2.5.1. [appellant] heeft in zijn bezwaarschrift het college verzocht om vergoeding van de kosten die hij in verband met de behandeling van het bezwaar heeft moeten maken. Bij het besluit op bezwaar heeft het college niet beslist op het door [appellant] gedane verzoek. Het besluit van 26 mei 2010 is derhalve in strijd met artikel 7:15, derde lid, van de Awb. De rechtbank heeft dit niet onderkend. Nu de besluiten van 27 maart 2008 en 9 juni 2008 niet zijn herroepen, behoefde het college, gelet op hetgeen is bepaald in artikel 7:15, tweede lid, van de Awb, de gemaakte kosten niet te vergoeden. Het betoog is derhalve terecht voorgedragen, maar leidt niet tot het daarmee beoogde doel.

2.6. Ten slotte betoogt [appellant] dat de rechtbank ten onrechte heeft overwogen, dat hij niet in aanmerking komt voor vergoeding van de verletkosten. Daartoe voert hij, onder verwijzing naar de uitspraak van de Afdeling van 3 januari 2007 in zaak nr. 200603353/1, aan dat hij als freelancer in aanmerking komt voor vergoeding van het minimumtarief indien de specificatie onvoldoende wordt geacht.

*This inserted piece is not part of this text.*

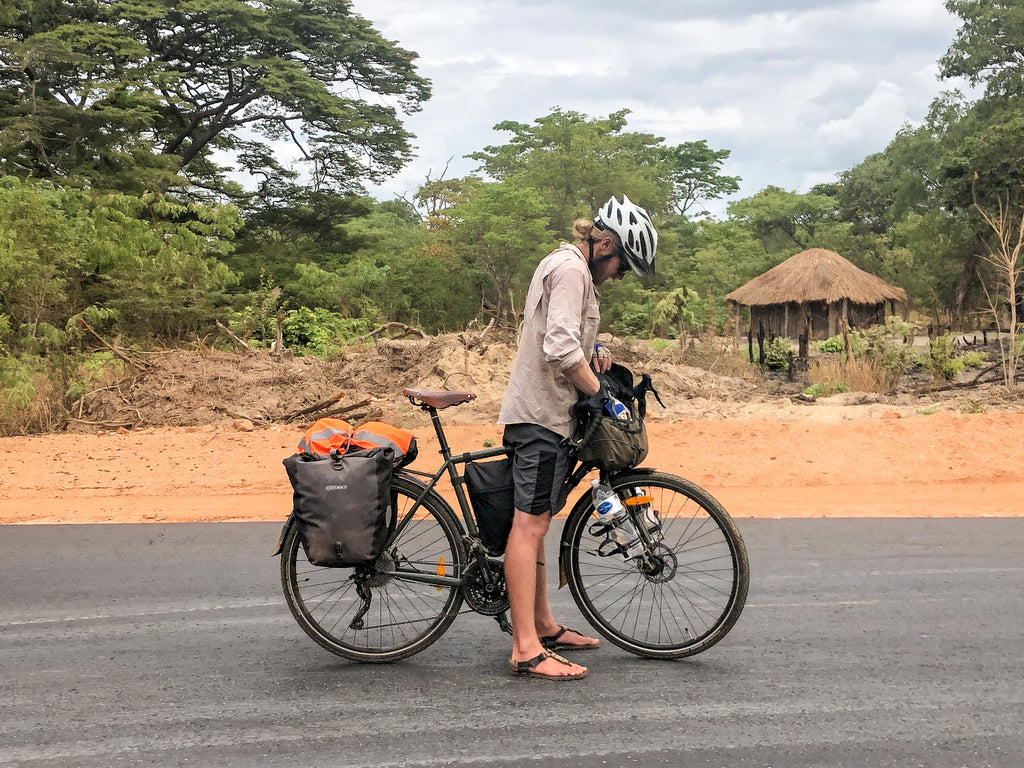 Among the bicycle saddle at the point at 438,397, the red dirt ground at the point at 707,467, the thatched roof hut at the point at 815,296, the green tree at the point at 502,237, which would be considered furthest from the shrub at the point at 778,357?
the bicycle saddle at the point at 438,397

2.6.1. Dit betoog slaagt. De rechtbank heeft ten onrechte overwogen dat de verletkosten, nu deze niet voldoende zijn toegelicht, niet voor vergoeding in aanmerking komen. Dat [appellant] deze kosten in beroep niet heeft gespecificeerd brengt anders, dan de rechtbank heeft overwogen, niet met zich dat hij daarom in het geheel geen aanspraak op vergoeding van de verletkosten kan maken. Zoals de Afdeling in voormelde uitspraak van 3 januari 2007 heeft overwogen is, indien de verletkosten bij de rechtbank niet zijn gespecificeerd, plaats voor vergoeding van het minimumtarief. De rechtbank had, nu om verletkosten is verzocht en voorts niet is gebleken van feiten of omstandigheden op grond waarvan een proceskostenveroordeling met betrekking tot deze kosten achterwege moest blijven, aanleiding moeten zien om de verletkosten op een forfaitair bedrag vast te stellen. Voor het overige geldt dat [appellant] met de enkele vermelding van zijn uurtarief als freelancer en verwijzing naar een uitspraak van de rechtbank Breda waarbij dit uurtarief zou zijn vergoed, de hoogte van zijn verletkosten in hoger beroep niet met gegevens of bescheiden voldoende heeft gestaafd.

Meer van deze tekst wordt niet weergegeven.